When Petey cons his way into an early parole, he looks up Dewey Hughes (Chiwetel Ejofor), the brother of a fellow inmate, and someone who had cracked to Petey to come and see him about a job when he got out. Dewey is program director at WOL-AM, a popular urban radio station geared to black music that sees its audience slipping away to edgier DJs. Dewey is a button-down type, in charge of hiring, and on his way to the top at the station owned by E.G. Sonderling (Martin Sheen). How Petey fast talks his way onto the air for the first time, with Dewey's help, is funny but it also offers a critical look at how people stereotype one another. Petey was able to keep it real in prison, and now on the outside, in part because of his sexy girlfriend Vernell (Taraji P. Henson of Hustle of Flow). Now he's able to connect with the radio audience, not just because he plays good music but he's always up front with his on air persona. Petey pulls no punches with his biting social commentary and his invitation to listeners to call him with their thoughts. "Talk to me," he tells them.
The film's mix of hilarious circumstances still manages to keep one grounded, even with the events surrounding the death of Martin Luther King Jr. and the impact of the Viet Nam war. Substance abuse and dreams of being on top of the world are the things that limit what Petey and Dewey can do together. If this story were not true, this would be a spoiler. You know things will crash, just not when, and to what extent the damage will be. Petey's popularity eventually surpasses that of his fellow star disc jockeys, Nighthawk (Cedric The Entertainer) and Sunny Jim (Vondie Curtis Hall).

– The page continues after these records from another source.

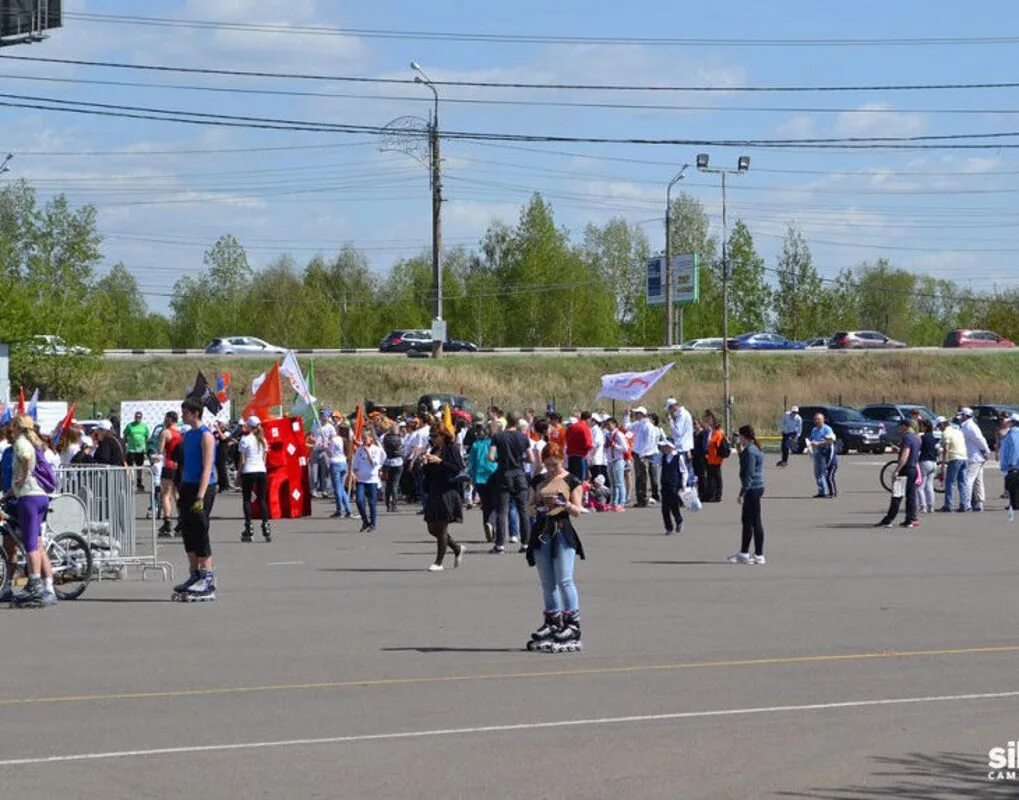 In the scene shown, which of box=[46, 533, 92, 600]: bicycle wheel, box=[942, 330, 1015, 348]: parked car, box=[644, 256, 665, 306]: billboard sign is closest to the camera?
box=[46, 533, 92, 600]: bicycle wheel

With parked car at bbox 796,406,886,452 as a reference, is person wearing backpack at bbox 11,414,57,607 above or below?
below

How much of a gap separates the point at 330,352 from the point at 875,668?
7220cm

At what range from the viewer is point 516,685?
11.4 meters

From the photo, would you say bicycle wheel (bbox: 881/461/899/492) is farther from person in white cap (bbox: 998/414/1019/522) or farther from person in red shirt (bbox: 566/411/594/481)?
person in red shirt (bbox: 566/411/594/481)

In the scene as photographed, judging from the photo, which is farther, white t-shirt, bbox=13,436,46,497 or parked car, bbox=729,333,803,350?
parked car, bbox=729,333,803,350

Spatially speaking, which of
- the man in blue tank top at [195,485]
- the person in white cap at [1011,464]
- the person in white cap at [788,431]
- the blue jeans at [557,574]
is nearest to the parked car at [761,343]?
the person in white cap at [788,431]

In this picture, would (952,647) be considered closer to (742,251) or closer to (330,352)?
(330,352)

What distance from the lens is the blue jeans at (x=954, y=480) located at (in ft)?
98.7

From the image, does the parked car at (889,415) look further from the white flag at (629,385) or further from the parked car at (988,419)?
the white flag at (629,385)

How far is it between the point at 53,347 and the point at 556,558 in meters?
49.6

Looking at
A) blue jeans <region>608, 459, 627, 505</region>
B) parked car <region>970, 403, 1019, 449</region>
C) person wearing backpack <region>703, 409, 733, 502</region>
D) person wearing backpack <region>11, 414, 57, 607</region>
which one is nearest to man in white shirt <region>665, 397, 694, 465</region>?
blue jeans <region>608, 459, 627, 505</region>

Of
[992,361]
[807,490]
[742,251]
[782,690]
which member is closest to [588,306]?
[742,251]

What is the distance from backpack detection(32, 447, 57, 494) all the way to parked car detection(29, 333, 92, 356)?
42.7 meters

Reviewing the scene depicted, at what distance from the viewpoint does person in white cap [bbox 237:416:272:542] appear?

We've seen excellent biopics in the past about American black men such as Ali and Ray. There are, however, a few notable differences between this film and those pictures. They were internationally known as entertainers by both the public and themselves. Both Petey and Dewey were tough guys but we get a glimpse of that inner self that men generally regard as weakness. That is, love and respect for another man without any homosexual overtones. Talk to Me digs deep in this area.
Director Kasi Lemmons (Eve's Bayou and The Caveman's Valentine) captures the flavor of Melvin Van Peebles and add in the great music from the late `60s, with a sultry score by Terrence Blanchard, some biting, sarcastic humor about Motown, and you have a movie that is not to be missed. Talk to Me tells quite a story about this slice of American culture.